Take a break from the news. There is strong evidence to suggest that constant exposure to negative news cycles can have a detrimental effect on our mental health. For children particularly, this exposure has an adverse effect even when the events do not affect them personally. This is compounded by the way that news is presented; the more vivid and dramatised the report is, the more negative the impact. Unfortunately, social media developers know that that the more sensationalised the report, the more likely people (including children) are to read it.

Consciously limit your family’s exposure to the news. Consider turning off background TV or radio in the house or car.  Depending on the age of your child, you might want to set limits on the amount of time they are spending on screens. For older children, you could talk about the research and help them make good decisions about what they are choosing to look at online.

Keep having conversations. Children often want to talk, and if we don’t talk to them in an age-appropriate way about what they are seeing, they will get their information somewhere else. Give children the space to express how they feel and reassure them that what they are feeling is normal. It can also be helpful to share coping strategies you find helpful and that they could try.

Be aware of your own responses. How parents react and talk about the news will shape the way children feel. They will pick up our views and fears and may be hyper-vigilant to your reactions and conversations when they are feeling anxious or insecure. Be careful of when and where you talk about things children may find confusing or upsetting.

Reassure them that they are safe. Reassure them they are not in any immediate danger and that they are safe.
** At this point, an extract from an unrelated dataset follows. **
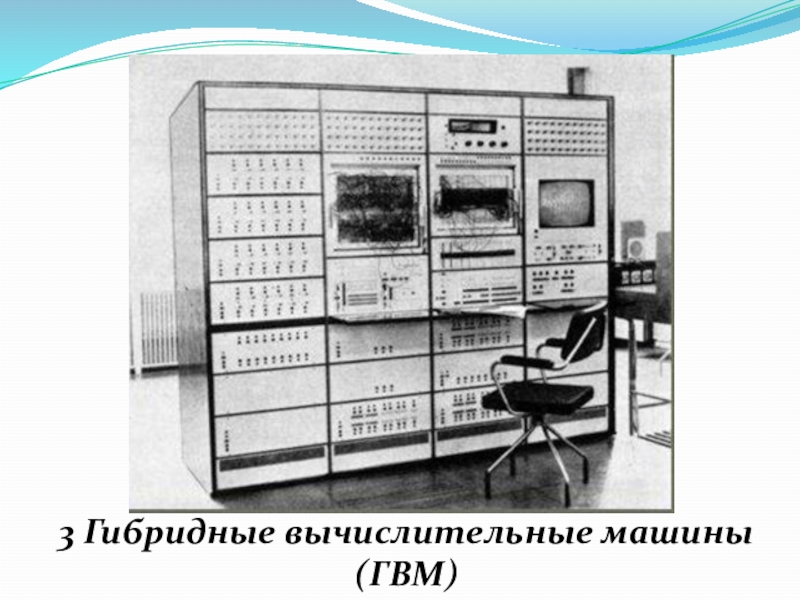 Вычислительная машина информатика. 3. Гибридные вычислительные машины (ГВМ). ГВМ вычислительная машина. Гибридные (ГВМ). EDSAC компьютер.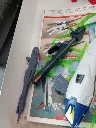 Gundam Wing Zero XXXG-00W0 HG Bandai 1995 à l’échelle 1/100, maquette montée avec bouclier, pièces détachées, boîte et notice d’origine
Focus on healthy routines. Maintaining family routines help make young people feel secure and safe. Having regular meal and bedtimes and continuing to do things they enjoy; playing sport, going for walks, spending time together as a family, are concrete ways of showing them that ‘normal’ life goes on, even in times of terrible adversity.

Finally, it is vitally important to look after yourself in these times. Spend time with good friends and family, rest when you are tired, see a professional if you need to. Remember that the supporter also needs support.



Thornton, S. How will the bad news cycle of recent years affect young people? British Journal of Child Health (2022)

Masood, R. How to talk to kids about violence, crime and war, Common Sense Media (2023)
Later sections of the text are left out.